Some of the better performers wind their way through the crowd and put on a fantastic show. Some of the more timid or less talented performers hide as best they can on stage as they painfully make their way through whatever song their friends forced them into. But one thing is clear in every trip to Mickey’s: This entire bar is having a BLAST. As you look around, you see people crying laughing, you see people daring each other to do another shot in exchange for another song, and you see all sorts of Facebooking and Instagramming, presumably in an effort to make all friends jealous of the time-of-the-life evening that’s being had by the collective group at Mickey’s.
Most times I’ve been to Mickey’s we’ve made new friends. Something about the crappy canned beer, the boarded up entrance and the sweet sounds of LL Cool J inspires a lot of fast friendships. Of course as a group goes through a painful experience together (such as a really, really, really awful drunken group of gals squawking Spice Girls) you find a common bond that will tie you together for all of eternity. The times I’ve seen people irresponsibly drunk, I’ve been impressed with the crowd’s willingness to take care of their brethren. Mickey’s karaoke truly creates an incredibly supportive community.
The space itself in Mickey’s has occasional charm with walls covered with random beer lights. The pool table is usually empty, unless someone is using it to try to hold up his weight. Glamour shots of Marilyn Monroe and floating piano art decorates the sparse walls, but I’d gather that few people notice the interior design of Mickey’s. I’ve been to Mickey’s a few times outside of karaoke, and each time I’ve been met with raised eyebrows and bartender’s confusion. It seems that patrons younger than 50 aren’t generally expected outside of karaoke.
While the bar requires a two-drink minimum to be a part of the karaoke madness, I’d guess that most patrons manage to make it well past two. The bar is cash only, but you shouldn’t need much—this will be an affordable evening. Shots flow freely, and many of the tables will be packed with as many friends as empty bottles of beer. The line to sing grows quickly, so an early arrival can be key to getting you in to sing.

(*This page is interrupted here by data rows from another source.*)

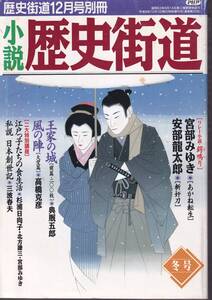 小説　歴史街道　歴史街道12月号別冊　1996年冬号　PHP研究所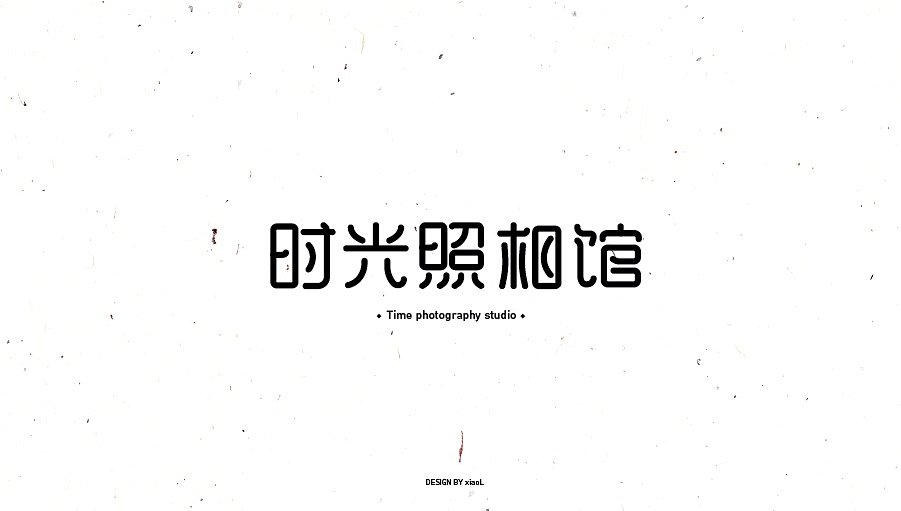 字体设计小结（图ZNzEwNjcxNDg=） - 字体/字形 - 站酷设计师小L先生原创素材 - 站酷ZCOOL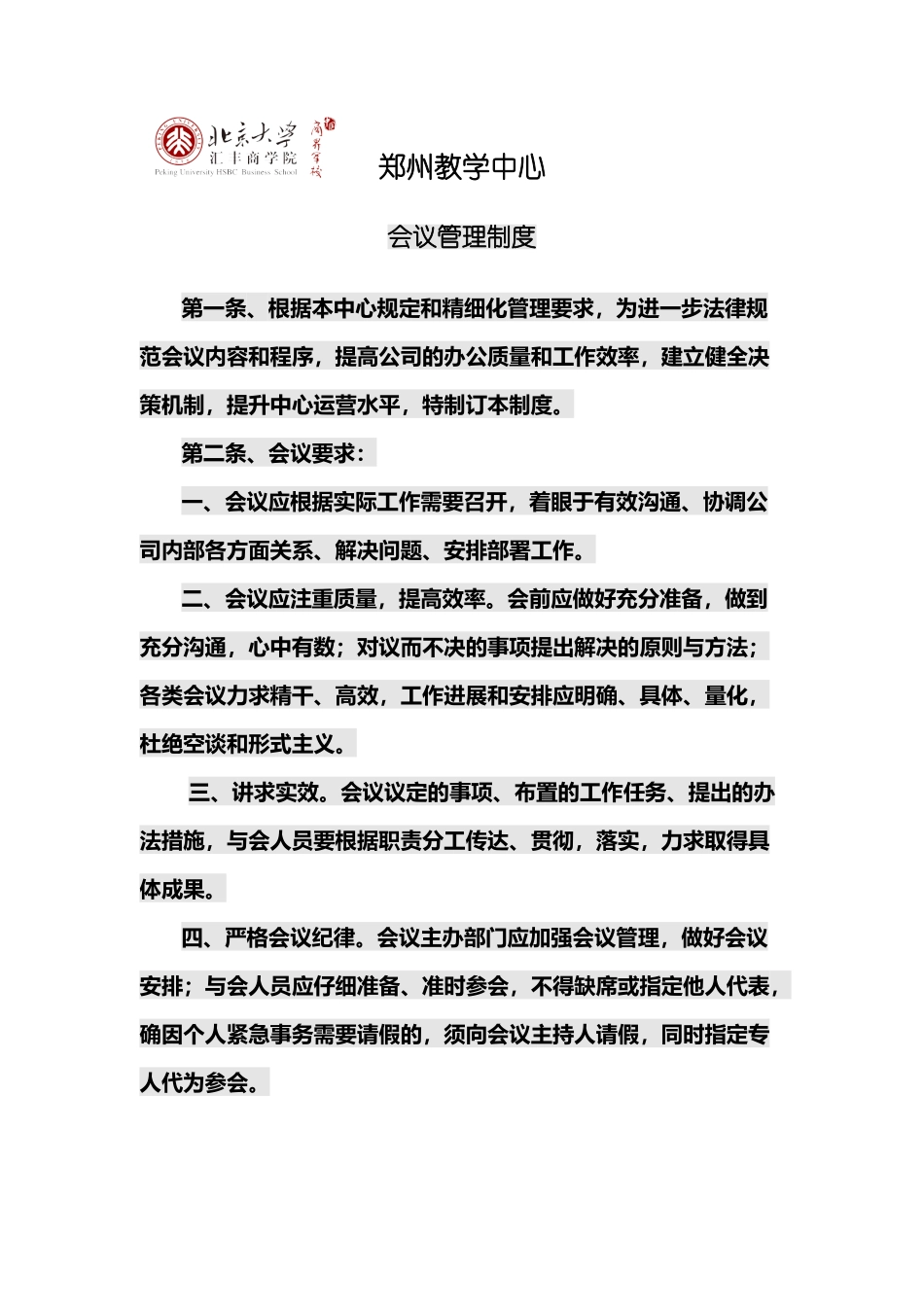 北京大学汇丰商学院实战家郑州教学中心会议制度_第2页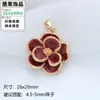 Acessório Pingente Vintage Angolano Gota de Óleo Vermelha com Sensação de Luxo Leve e de Alta Qualidade, Design Versátil, Ornamento de Pérola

Mickey’s karaoke seems to have every song, and the gal in charge has a wonderful singing voice and manages drunks in a very professional manner. Large binders sit on most tables, and the list of available songs is truly impressive. The only song I’ve ever wanted to sing, which seems to be the only song that they haven’t had, is hopefully on the way someday soon. When the Nightman Cometh, so will I right up onto that dimly lit, carpeted stage.